Since the etiology of childhood acute lymphoblastic leukemia remains unclear, prevention methods for the disease itself have not yet been established. However, when a child is diagnosed with conditions that are known to be frequently associated with this condition, such as Down and Whiskott-Aldrich syndromes, the parents should be informed about their increased risk and need for active surveillance.

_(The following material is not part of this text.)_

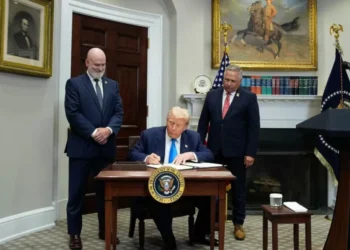 Trump impone aranceles adicionales del 50% a productos importados desde Brasil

Childhood acute lymphoblastic leukemia patients are immunocompromised by their disease and by the therapy they receive. Therefore, infectious complications such as Pneumocystis carinii pneumonia should be avoided by trimethoprim- sulfamethoxazole or pentamidine administration. Candidiasis can be prevented using fluconazole. Tumor lysis syndrome complications are partially prevented by appropriate hidratation and urine alkalinization. Allopurinol can prove effective in preventing hyperuricemia.

Summary

Acute lymphoblastic leukemia is the most frequent of childhood malignancies. Patients complain about various symptoms, caused by leukemic infiltration of the bone marrow or of extramedullary sites. Bone marrow failure manifests as signs of anemia (tiredness, paleness), thrombocytopenia (bruising, bleeding or petechiae) or neutropenia (fever and infection). Other manifestations include bone pain and arthritis, hepatomegaly, splenomegaly, lymphadenopathy, extramedullary masses located in the abdomen (compression of neighboring structures), mediastinum (respiratory distress), neck or head (headache, lethargy or vomiting). Testicular involvement manifests as unilateral testis enlargement.

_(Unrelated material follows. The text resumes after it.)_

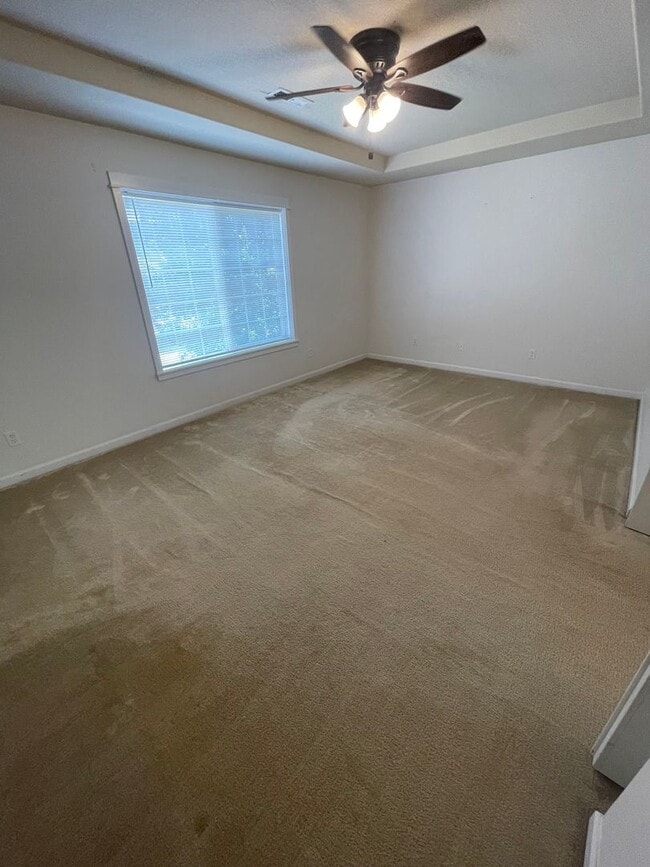 Building Photo - **MOVE IN SPECIAL?** Gorgeous Pet Friendly...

The type of the acute lymphoblastic leukemia can only be established after immunologic and genetic examination of the blasts. Immunofenotyping, cytogenetic and molecular studies are also useful. Lumbar puncture is useful in assessing central nervous system involvement, whereas bone marrow aspiration and biopsy are needed to evaluate medullar status at the time of diagnosis. Chest radiographies are used when the presence of mediastinal masses is suspected. Testicular and renal disease can be diagnosed by ultrasonography. An echocardiogram is needed prior to anthracyclines administration and during treatment.

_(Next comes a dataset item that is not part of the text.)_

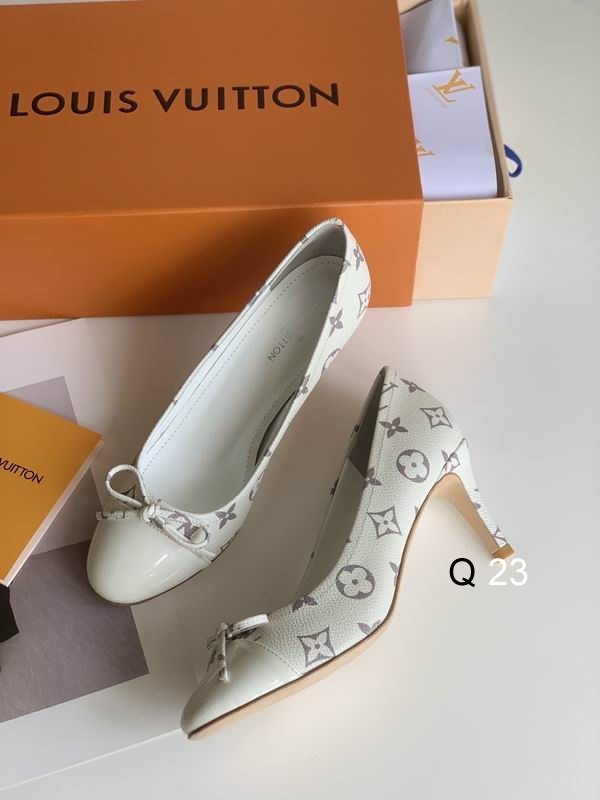 LV Women's Shoes 166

Treatment consists of different chemotherapy regimens, depending on leukemic subtype. Most protocols include a remission-induction phase, a intensification or consolidation phase and a continuation phase. Central nervous system disease needs aggressive therapy with intrathecal administration. Supportive therapy includes antibiotics, antifungals and blood transfusions. Hematopoietic stem cell transplant is a valid option in selected cases.

Patient Information

Childhood acute lymphoblastic leukemia is a type of cancer that involves the bone marrow and the blood. Normal cells in the bone marrow are replaced by leukemic cells. Thus, the body cannot fight infection, there's anemia and easy bleeding. Patients complain about fever, bone or joint pain, the presence of lumps in the underarm or neck, weakness, unilateral enlargement of testis and loss of appetite.

In order to establish the diagnosis, the physician will conduct a history inquiry and physical examination, will order several types of blood tests, will perform a bone marrow aspiration and biopsy and a lumbar tap if needed. Chest X-rays, abdominal, pelvic, testicular and cardiac echography may also be needed. Specific diagnosis methods include cytogenetic analysis and immunofenotyping.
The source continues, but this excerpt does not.